When Strangers Marry
When Strangers Marry is a re-do of Lisa Kleypas’s 1992 book, Only In Your Arms. I have that book in my TBR pile, and after reading this, I think I will dig it out and see what changes were made to the original. As for this one, I really enjoyed When Strangers Marry. Lisa Kleypas is incapable of writing a hero who is not sexy as can be, and Maximilien is that in spades. Lysette is a perfect match for him, and I loved the setting in Creole New Orleans.
Lysette Kersaint’s stepfather wants her to marry Etienne Sagasse, a planter from Louisiana. Lysette finds the man loathsome, and her refusal earns her a beating. In her Creole culture, a woman is the property of her father, then of her husband, and Lysette’s beating at the hands of her step-father is only what she deserves, say her aunt and her sister. So Lysette runs away.
Lysette is found in the bayous by Justin and Phillipe Vallerand, the teenage sons of Maximilien Vallerand, a wealthy Creole planter. When Maximilien finds out that she is betrothed to Sagasse, he plans to use her as an instrument of revenge. Sagasse was the lover of Maximilien’s first wife, Corinne. When she was found dead, suspicion fell on Maximilien. Because there was no evidence, and because he was a Vallerand, Maximilien was not charged, but he is still under suspicion by society. They refer to him as the Devil.
When Maximilien finds out who Lysette is, he plans to make her his mistress. She would be ruined, but most importantly, Sagasse would be shamed and his honor would be forever besmirched. However, Lysette is much more strong-minded than the average meek Creole woman and rebuffs him. Still Maximilien might have gone on with his plan, except Lysette comes down with yellow fever, and Maximilien nurses her. Nursing her gives him time to think, and ultimately Maximilien’s offers her marriage. Marrying Sagasse’s betrothed will still insult him, but leave Lysette her honor.
What Maximilien did not plan was that he would fall in love with Lysette. She is not meek and compliant, and she is not beautiful, yet he finds himself taken with her intelligence, her spirit, and most importantly, her total belief in his innocence. Maximilien will need Lysette’s support since events are happening that may lead to the discovery of Corinne’s murderer.

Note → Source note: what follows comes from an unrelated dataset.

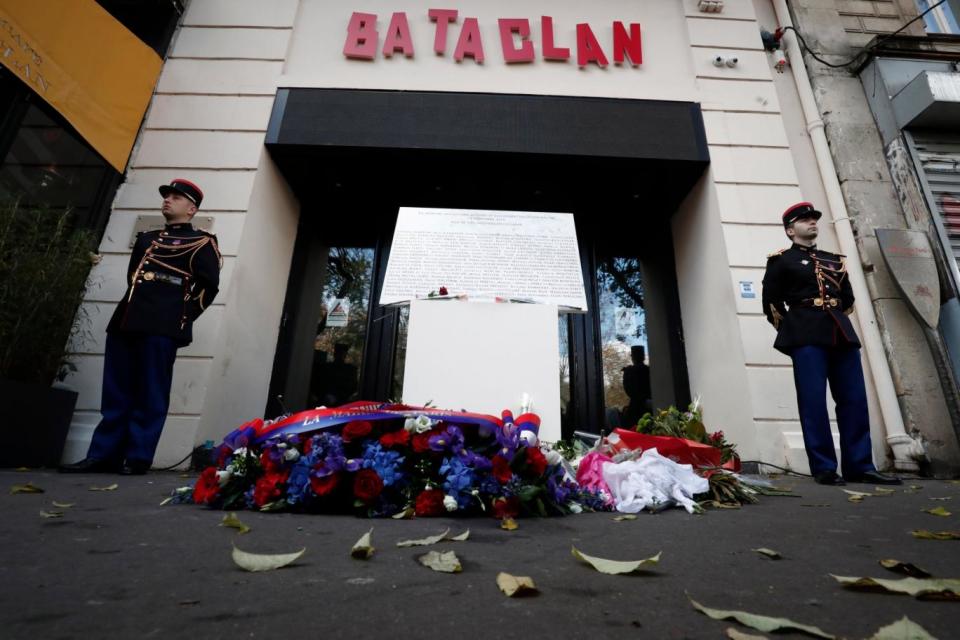 Flowers were placed outside the Bataclan as a memorial was held (EPA)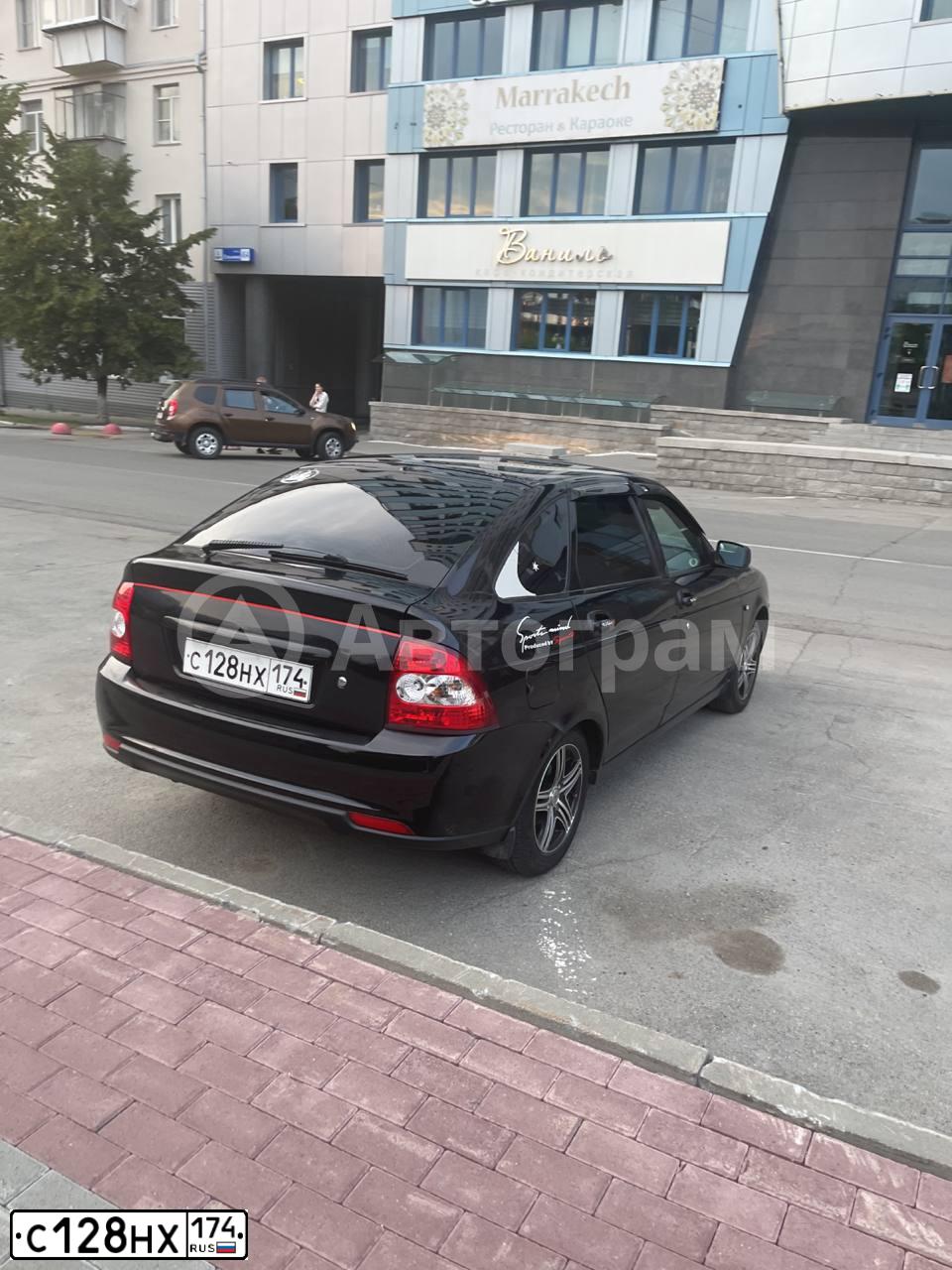 Фото автомобиля LADA 2172 PRIORA, 2011 — госномер С128НХ174. Цвет: ЧЕРНЫЙ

Maximilien is a wonderful hero. He has all the characteristics of a Creole gentleman of his time – the touchy pride, the sense of honor, adherence to the code duello, and yes, the belief in male superiority. But he is forward-looking in a society that is bound to traditional ways. Maximilien, unlike his neighbors, can see that times are changing. He has started a shipping business, despite the horror of his neighbors. Unlike them, Maximilien is not afraid to soil his hands with trade. He speaks English, he works with the American governor of Louisiana, William Claiborne, and even makes plans to free his slaves. Rather than bemoan the loss of “the good old days,”, Maximilien plans for the future.
Lysette is the perfect partner for Maximilien. She has red hair and freckles instead of the black hair and pale complexion of the ideal Creole lady. She is also forthright and not demure. Yet she does not come across as a 21st century feisty chick. Lysette is independent, but she remains a woman of her time – a forward woman of her time – but still of her time.
Lisa Kleypas is one of the best when it comes to writing love scenes. They are hot as can be, and not a bit gratuitous. Like Mary Balogh, Kleypas uses love scenes to express the growing sense of connectedness that Maximilien and Lysette feel for each other.
The one problem I had with the book was that it was so filled with characters, some of them got short shrifted. Maximilien had two brothers, one of whom had a love story of his own – a very short love story. Maximilien’s two sons also figure in the story and they left me wanting more (I will have to find my copy of Only With Your Love which tells Justin’s story).
But that is a very minor problem. If the goal of an author is to leave her readers wanting more, Lisa Kleypas has fulfilled it very well. I closed it wanting more – much more.